→ **PROBLEM DESCRIPTION**
In the entries that follow, the line with "view to outside" opens the range and the line with "May include: Two" closes it; repeat that range exactly, both lines included.

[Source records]
****************

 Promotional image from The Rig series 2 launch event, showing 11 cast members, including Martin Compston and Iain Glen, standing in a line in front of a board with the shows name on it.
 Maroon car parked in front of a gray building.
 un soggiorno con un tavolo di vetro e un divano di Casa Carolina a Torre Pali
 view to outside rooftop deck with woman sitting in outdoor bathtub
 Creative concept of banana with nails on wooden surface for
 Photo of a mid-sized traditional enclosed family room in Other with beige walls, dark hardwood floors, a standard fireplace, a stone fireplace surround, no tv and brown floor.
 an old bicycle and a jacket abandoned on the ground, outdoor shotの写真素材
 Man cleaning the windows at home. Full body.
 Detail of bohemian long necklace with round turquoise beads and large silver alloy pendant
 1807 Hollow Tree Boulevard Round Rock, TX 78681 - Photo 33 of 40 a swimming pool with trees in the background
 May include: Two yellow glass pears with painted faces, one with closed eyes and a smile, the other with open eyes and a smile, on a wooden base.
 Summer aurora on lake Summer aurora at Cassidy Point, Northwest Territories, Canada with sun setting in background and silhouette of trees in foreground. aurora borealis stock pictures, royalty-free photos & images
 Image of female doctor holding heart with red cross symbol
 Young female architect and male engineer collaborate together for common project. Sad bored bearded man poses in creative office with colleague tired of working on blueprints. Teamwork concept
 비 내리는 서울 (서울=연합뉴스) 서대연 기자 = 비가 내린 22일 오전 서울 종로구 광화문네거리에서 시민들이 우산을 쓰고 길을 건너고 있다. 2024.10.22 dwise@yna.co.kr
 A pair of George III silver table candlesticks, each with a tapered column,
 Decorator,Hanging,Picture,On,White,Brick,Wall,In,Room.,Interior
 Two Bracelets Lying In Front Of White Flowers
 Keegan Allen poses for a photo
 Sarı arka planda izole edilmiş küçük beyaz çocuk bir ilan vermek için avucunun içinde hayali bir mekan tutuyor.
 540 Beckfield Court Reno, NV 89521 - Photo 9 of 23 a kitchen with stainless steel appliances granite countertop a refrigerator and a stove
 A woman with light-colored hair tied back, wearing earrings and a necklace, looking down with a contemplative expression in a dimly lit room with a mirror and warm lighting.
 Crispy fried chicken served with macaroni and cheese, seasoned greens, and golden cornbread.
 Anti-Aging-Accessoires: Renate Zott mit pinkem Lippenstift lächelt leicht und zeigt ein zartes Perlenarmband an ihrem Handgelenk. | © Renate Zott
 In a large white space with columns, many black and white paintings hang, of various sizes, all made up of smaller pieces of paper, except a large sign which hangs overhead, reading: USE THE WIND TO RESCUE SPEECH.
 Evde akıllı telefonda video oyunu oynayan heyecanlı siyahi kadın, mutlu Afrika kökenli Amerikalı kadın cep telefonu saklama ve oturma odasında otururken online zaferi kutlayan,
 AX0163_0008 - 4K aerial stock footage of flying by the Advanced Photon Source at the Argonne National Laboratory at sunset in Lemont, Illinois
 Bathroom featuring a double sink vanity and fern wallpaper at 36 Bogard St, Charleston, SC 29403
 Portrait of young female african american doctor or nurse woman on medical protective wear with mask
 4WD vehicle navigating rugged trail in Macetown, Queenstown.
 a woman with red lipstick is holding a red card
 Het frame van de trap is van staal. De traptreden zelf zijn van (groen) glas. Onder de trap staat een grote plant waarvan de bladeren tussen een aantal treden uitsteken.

****************

→ **REPLY TO THE TASK**
 view to outside rooftop deck with woman sitting in outdoor bathtub
 Creative concept of banana with nails on wooden surface for
 Photo of a mid-sized traditional enclosed family room in Other with beige walls, dark hardwood floors, a standard fireplace, a stone fireplace surround, no tv and brown floor.
 an old bicycle and a jacket abandoned on the ground, outdoor shotの写真素材
 Man cleaning the windows at home. Full body.
 Detail of bohemian long necklace with round turquoise beads and large silver alloy pendant
 1807 Hollow Tree Boulevard Round Rock, TX 78681 - Photo 33 of 40 a swimming pool with trees in the background
 May include: Two yellow glass pears with painted faces, one with closed eyes and a smile, the other with open eyes and a smile, on a wooden base.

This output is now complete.